No single item is definitive. Read the information on Wikipedia and in what I consider to be the definitive r/PF post on the topic. There was another recent post that covered similar concepts here.

And remember,

- the closer you are to retirement,
- the less you save for retirement,
- the lower your tax bracket (both now and in retirement),

the less it matters which you choose.

FYI, employer contributions to a 401k are traditional, no matter what your contributions are.

For a plot and some Matlab code to compare Roth/Traditional/401k/IRA/matched/unmatched/taxable options, go here.

## Some analysis of the "Roth lets you save more" argument

**tl;dr**: Roth lets you save more in tax-advantaged accounts, but that rarely (never?) affects whether Roth is right for you.

Howdy r/PF. Until RedRedditRabbit's post a few months ago my generic advice to everyone was to go Roth unless they were in a very high tax bracket one year. That post convinced me that for many people (especially single professionals, couples with two mid/high incomes, and people who expect little or no pension or social security income) traditional is actually better. One caveat I add to my current recommendation, however, is that if you are maxing out all tax-advantaged savings, Roth lets you save more, since it has the same dollar limits, but uses after-tax dollars.

Lately I've been thinking about whether that's actually true, and my conclusion is that under a few reasonable assumptions to simplify the analysis, it's NOT true. I am by no means a mathmatician, though, so I'd love it if you double-checked my analysis, and my assertion that the asusmptions are reasonable. Plus at least one person has indicated they're interested in this sort of analysis.

So first, the assumptions:

- Lacking a crystal ball or influence of Congress, I assume that
**aside from inflation adjustments, future tax brackets and tax laws will look essentially the same as they do now**. I know that in reality they might be higher, but they also might be lower, so I assume they'll be the same. Historically, the bottom brackets have been fairly consistent. If you're in the top bracket, you're on your own. - I assume that
**enough tax-advantaged savings are available to you to put all bonds and fixed-income savings in tax-advantaged accounts**. This lets us consider taxable accounts in retirement using just the long-term capital gains tax (which also applies to qualifying dividends along the way) - My analysis ignores situations where Roth is the right answer for reasons besides the "Roth lets you save more" argument. Specifically,
**it only considers situations where the current marginal income tax rate is higher than the tax rate on distributions in retirement**.

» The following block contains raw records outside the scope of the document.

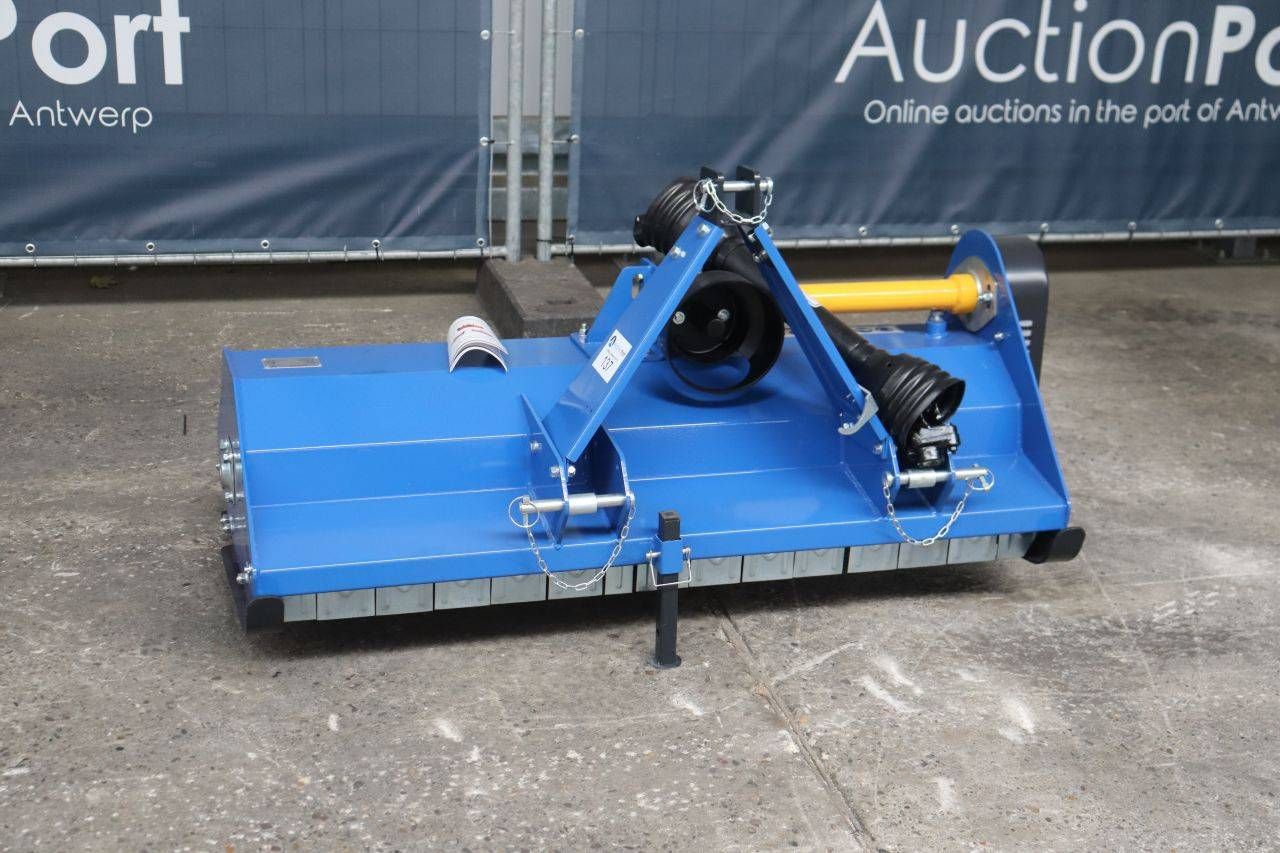Flail Mower Mower EFG-145 2025 New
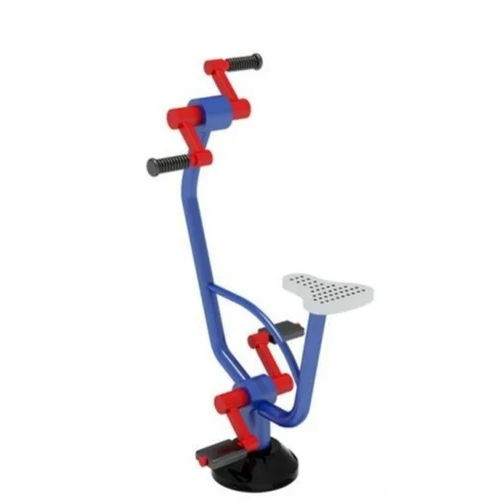 Outdoor Gym Equipment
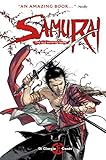 samurai jeans  Samurai Vol. 5: The Isle With No Name (English Edition)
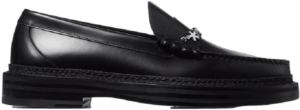 Giày Jimmy Choo Eric Haze 'Black' EHPEZRAMZTQ000735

With that out of the way, some notation:

**CMIT**is the Current Marginal Income Tax rate.**RMIT**is the tax rate on distributions in retirement. It's the average rate over all distributions, not necessarily the marginal tax rate in retirement.**LTCGT**is the long-term capital gains tax rate, assumed the same both now and in retirement.**GF**is the growth factor in the tax-advantaged account. If you ignore inflation, it's the expected market return over a certain number of years.**GFT**is the growth factor in the taxable account. I'm assuming that you realize gains every year, so there is no tax due when you take the money out in retirement, and the LTCGT is baked into GFT. In practice, GFT is usually a little less than GF. If the tax-advantaged account is a 401k with lousy fund choices, GFT might actually be greater than GF, but again, for simplicity I'll ignore that scenario. I also assume that both GF and GFT are greater than 1 (otherwise, you shouldn't be investing). I'll talk more about GFT later.**L**is the limit on how many dollars can go into the tax-advantaged account this year.**S**is the total number of dollars you want to save. This analysis is only relevant when S>L.

So, the analysis is as follows:

Let's assume the extreme case, where S*(1-CMIT) = L, meaning all our savings will *barely* fit in a Roth account. We then compare whether $L in Roth is worth more than $L in traditional *plus* CMIT*$L in taxable.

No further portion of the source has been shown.